**WORK TO BE COMPLETED:** The entries that follow include a run beginning at the line with "Siyah Hakiki Deri" and ending at the line with "Диффузор с вентиляторами"; restate that run word for word and leave the rest out.
....................
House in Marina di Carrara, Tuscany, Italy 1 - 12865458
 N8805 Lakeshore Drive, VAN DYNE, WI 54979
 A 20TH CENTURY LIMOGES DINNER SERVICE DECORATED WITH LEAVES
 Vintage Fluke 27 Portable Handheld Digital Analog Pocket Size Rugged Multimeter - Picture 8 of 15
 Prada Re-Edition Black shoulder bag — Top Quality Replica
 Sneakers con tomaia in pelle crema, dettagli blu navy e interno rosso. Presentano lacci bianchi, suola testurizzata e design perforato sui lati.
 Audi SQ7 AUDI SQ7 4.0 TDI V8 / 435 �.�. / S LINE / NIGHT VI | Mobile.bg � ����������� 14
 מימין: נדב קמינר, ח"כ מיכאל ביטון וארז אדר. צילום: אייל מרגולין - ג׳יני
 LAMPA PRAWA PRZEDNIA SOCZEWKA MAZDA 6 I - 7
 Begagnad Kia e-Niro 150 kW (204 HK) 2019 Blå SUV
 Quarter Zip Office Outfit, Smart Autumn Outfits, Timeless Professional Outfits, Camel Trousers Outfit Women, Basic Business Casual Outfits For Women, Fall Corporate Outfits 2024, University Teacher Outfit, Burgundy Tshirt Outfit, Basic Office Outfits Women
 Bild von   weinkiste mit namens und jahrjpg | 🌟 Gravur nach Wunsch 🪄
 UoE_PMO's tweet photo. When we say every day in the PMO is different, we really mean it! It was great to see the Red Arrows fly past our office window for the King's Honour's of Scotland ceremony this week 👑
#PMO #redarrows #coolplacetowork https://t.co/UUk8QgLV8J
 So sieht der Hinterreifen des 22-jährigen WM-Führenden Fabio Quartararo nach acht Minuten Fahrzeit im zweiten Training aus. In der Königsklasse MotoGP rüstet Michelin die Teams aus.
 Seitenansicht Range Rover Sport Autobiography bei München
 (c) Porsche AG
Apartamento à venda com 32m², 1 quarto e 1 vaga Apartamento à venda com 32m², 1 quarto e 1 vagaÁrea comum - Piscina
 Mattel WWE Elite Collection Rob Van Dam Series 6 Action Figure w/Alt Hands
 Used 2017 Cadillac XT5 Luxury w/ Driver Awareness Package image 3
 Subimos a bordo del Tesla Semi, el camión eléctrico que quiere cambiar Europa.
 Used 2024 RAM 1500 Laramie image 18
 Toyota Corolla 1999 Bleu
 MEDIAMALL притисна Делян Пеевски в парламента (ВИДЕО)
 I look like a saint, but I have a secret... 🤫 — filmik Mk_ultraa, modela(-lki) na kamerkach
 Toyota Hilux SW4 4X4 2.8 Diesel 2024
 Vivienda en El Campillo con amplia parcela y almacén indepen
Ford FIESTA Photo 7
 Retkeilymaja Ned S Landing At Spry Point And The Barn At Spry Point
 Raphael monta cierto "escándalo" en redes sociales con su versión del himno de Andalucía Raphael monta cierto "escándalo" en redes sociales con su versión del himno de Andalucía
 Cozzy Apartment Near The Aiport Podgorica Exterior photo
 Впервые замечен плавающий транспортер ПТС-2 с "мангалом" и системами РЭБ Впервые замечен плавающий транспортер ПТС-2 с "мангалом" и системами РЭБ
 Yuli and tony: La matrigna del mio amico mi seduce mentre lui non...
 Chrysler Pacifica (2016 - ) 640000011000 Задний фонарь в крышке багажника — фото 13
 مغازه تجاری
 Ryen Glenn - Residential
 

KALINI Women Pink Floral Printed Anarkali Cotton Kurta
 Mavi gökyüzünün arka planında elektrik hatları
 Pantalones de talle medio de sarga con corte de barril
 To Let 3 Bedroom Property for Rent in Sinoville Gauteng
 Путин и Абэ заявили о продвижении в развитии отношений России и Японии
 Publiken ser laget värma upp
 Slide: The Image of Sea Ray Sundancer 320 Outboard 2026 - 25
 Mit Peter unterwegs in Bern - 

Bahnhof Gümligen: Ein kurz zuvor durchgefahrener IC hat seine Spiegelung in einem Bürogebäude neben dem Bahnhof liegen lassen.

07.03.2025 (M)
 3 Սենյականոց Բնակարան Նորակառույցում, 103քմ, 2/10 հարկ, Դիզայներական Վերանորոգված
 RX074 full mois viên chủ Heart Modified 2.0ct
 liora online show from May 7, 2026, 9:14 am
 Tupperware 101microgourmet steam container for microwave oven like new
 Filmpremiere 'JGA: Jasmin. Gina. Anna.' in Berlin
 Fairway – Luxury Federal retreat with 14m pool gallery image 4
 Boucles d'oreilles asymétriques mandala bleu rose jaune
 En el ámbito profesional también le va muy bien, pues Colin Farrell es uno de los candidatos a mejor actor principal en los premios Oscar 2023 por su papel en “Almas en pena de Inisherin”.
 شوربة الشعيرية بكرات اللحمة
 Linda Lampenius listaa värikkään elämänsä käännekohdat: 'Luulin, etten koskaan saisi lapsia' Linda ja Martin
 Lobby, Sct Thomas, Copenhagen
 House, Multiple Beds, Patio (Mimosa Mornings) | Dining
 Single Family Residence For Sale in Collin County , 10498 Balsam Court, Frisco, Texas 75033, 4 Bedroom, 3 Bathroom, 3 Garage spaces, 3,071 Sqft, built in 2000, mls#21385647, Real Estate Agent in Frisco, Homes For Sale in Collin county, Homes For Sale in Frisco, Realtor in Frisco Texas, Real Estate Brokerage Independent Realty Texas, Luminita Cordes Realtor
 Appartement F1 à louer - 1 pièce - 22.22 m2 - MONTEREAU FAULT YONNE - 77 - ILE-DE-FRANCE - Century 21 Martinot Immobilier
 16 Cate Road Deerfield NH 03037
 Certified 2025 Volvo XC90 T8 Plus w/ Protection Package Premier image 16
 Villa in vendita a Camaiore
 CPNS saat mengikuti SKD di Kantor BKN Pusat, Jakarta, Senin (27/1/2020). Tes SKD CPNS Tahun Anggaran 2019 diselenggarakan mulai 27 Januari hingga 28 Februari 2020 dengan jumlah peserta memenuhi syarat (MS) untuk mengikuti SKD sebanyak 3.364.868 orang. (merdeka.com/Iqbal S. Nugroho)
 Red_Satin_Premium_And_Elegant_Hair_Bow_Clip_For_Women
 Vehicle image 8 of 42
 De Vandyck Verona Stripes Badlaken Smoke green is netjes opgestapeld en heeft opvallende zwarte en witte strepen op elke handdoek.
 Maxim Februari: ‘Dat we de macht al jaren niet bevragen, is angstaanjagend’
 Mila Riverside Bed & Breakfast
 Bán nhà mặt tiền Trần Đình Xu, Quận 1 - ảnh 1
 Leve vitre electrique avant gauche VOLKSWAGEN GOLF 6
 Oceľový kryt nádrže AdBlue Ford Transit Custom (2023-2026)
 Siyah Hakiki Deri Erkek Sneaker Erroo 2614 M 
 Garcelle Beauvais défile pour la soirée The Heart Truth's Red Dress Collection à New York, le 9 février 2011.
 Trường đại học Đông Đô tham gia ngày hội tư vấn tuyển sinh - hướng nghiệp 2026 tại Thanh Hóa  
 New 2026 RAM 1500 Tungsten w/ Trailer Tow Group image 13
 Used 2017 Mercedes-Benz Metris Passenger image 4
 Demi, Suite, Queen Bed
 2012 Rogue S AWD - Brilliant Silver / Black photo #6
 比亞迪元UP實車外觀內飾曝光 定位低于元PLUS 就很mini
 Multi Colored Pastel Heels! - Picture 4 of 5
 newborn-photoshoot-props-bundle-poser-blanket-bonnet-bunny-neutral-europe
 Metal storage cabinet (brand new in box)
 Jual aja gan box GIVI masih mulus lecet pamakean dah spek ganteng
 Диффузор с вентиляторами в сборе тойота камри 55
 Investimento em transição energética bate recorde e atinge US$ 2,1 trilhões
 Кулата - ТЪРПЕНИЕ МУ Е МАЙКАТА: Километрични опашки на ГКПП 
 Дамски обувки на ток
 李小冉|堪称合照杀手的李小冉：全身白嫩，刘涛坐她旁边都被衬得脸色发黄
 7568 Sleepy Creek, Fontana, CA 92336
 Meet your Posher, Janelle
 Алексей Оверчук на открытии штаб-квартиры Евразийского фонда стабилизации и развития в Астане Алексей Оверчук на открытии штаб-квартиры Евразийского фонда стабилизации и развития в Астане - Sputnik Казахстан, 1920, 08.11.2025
....................
**TASK OUTPUT:**
 Siyah Hakiki Deri Erkek Sneaker Erroo 2614 M 
 Garcelle Beauvais défile pour la soirée The Heart Truth's Red Dress Collection à New York, le 9 février 2011.
 Trường đại học Đông Đô tham gia ngày hội tư vấn tuyển sinh - hướng nghiệp 2026 tại Thanh Hóa  
 New 2026 RAM 1500 Tungsten w/ Trailer Tow Group image 13
 Used 2017 Mercedes-Benz Metris Passenger image 4
 Demi, Suite, Queen Bed
 2012 Rogue S AWD - Brilliant Silver / Black photo #6
 比亞迪元UP實車外觀內飾曝光 定位低于元PLUS 就很mini
 Multi Colored Pastel Heels! - Picture 4 of 5
 newborn-photoshoot-props-bundle-poser-blanket-bonnet-bunny-neutral-europe
 Metal storage cabinet (brand new in box)
 Jual aja gan box GIVI masih mulus lecet pamakean dah spek ganteng
 Диффузор с вентиляторами в сборе тойота камри 55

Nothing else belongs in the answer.